Unfortunately, Keats's poetry, unlike dramatic verse, is difficult to comprehend aurally the first time around. Only the poem "Bright Star" which is repeated a few times, and slowly makes an impact. But I cannot say that the film "cracked" the problem of dramatizing the life of a poet.

The good news about Bright Star is that it brought Jane Campion back to theaters, as Amelia (2009) brings back Mira Nair. But Amelia demonstrates that while we may think of a life as being packed with dramatic events, that does not in itself provide a dramatic shape for those events. And drama, especially on film, is about structure. Amelia Earhart's life follows a strangely straight line. She emerges as the result of a publicity search for a woman pilot to stand alongside Lindbergh in the public eye. That she is actually a competent pilot is just a bonus. The film pursues this angle strongly in the first two acts and then drops it without exploring its significance.

Anyway, the story arc is that Earhart becomes famous, first for being famous, then for flying. She (and her publicist-husband) set her higher and higher tasks for a flyer and she develops a wider and wider circle of celebrity acquaintances. As determinedly played by Hillary Swank, she is intent on furthering aviation as a viable pursuit for women. Then one day, she flies away and never comes back. And as pleasant as the movie is up to this point, its failure to come to grips with the central enigma of Earhart's life--her disappearance--makes one wonder why the filmmakers embarked on the project at all. At first, I think it might be an interesting take on publicity and celebrity, in the mode of Coppolla's Tucker, which remains a spectacularly underrated film. It might have been about Earhart's strange marriage to Putnam, which seems to begin as a business arrangement, threatens to become more than that, and at the end, is simply unclear. Was Putnam grief-stricken at her loss? We don't know from this movie.

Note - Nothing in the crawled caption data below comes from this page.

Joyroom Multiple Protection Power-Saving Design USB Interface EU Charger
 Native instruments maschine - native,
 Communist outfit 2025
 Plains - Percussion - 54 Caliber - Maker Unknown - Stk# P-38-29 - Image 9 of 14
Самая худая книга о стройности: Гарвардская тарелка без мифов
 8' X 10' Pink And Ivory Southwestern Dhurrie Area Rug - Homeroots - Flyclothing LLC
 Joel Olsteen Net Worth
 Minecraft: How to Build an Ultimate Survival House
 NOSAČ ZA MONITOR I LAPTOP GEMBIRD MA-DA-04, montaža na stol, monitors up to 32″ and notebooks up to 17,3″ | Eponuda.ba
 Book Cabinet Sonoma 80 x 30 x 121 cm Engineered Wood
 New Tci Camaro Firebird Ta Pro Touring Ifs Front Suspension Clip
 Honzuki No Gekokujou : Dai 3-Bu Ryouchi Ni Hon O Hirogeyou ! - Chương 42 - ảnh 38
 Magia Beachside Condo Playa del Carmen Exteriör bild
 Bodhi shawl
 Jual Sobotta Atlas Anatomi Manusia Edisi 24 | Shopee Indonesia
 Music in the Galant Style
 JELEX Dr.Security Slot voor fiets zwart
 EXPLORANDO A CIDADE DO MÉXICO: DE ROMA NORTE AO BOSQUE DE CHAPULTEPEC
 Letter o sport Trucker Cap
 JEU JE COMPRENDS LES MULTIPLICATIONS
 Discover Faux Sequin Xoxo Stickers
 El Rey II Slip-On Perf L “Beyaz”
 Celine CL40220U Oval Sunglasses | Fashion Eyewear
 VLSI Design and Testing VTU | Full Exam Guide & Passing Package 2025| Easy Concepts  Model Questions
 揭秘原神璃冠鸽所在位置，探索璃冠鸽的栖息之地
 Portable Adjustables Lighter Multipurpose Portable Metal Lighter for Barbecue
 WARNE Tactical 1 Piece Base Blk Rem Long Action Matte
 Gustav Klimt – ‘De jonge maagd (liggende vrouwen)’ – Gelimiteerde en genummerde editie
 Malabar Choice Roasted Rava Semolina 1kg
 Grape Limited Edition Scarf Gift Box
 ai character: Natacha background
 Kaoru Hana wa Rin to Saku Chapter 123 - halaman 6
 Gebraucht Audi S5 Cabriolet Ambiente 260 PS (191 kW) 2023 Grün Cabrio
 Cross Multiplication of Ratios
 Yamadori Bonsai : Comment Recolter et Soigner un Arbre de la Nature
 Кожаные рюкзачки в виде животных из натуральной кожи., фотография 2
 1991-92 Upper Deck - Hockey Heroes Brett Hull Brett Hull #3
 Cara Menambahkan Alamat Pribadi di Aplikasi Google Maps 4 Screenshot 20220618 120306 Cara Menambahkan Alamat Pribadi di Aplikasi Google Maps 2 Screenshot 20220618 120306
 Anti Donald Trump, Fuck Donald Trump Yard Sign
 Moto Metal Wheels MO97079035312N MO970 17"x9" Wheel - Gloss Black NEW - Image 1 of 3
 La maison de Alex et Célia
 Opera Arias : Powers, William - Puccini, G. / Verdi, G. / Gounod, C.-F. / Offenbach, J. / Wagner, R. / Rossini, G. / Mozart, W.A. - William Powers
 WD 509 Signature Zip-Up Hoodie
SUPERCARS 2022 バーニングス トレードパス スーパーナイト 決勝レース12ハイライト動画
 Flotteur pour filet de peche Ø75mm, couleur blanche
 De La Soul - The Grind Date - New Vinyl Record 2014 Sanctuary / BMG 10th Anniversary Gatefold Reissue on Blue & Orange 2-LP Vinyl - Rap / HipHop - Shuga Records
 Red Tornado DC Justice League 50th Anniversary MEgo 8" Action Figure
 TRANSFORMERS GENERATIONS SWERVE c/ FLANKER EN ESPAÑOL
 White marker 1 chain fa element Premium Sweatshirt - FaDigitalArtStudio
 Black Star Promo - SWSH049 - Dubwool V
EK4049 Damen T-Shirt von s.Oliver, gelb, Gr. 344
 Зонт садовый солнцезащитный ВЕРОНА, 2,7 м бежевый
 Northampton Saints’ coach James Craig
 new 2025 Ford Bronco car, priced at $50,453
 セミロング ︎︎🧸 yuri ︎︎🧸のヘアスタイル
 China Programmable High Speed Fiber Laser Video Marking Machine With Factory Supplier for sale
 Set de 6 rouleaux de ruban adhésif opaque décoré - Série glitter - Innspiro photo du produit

I think it is fair to say that, even if it is just out to amuse and distract for 90 minutes, every movie needs to know what it's about and make that clear to the audience. Mira Nair has not been doing well in that department lately.

One last observation--the film continues to mark the progress of digital special effects for the simple reason that no attention ever was called to them. And in a film like this, which has to be filled wall-to-wall with such effects in order to conjure up the world of the late 20s to the late 30s, it is only helpful to the narrative illusion that one has become unaware of such things.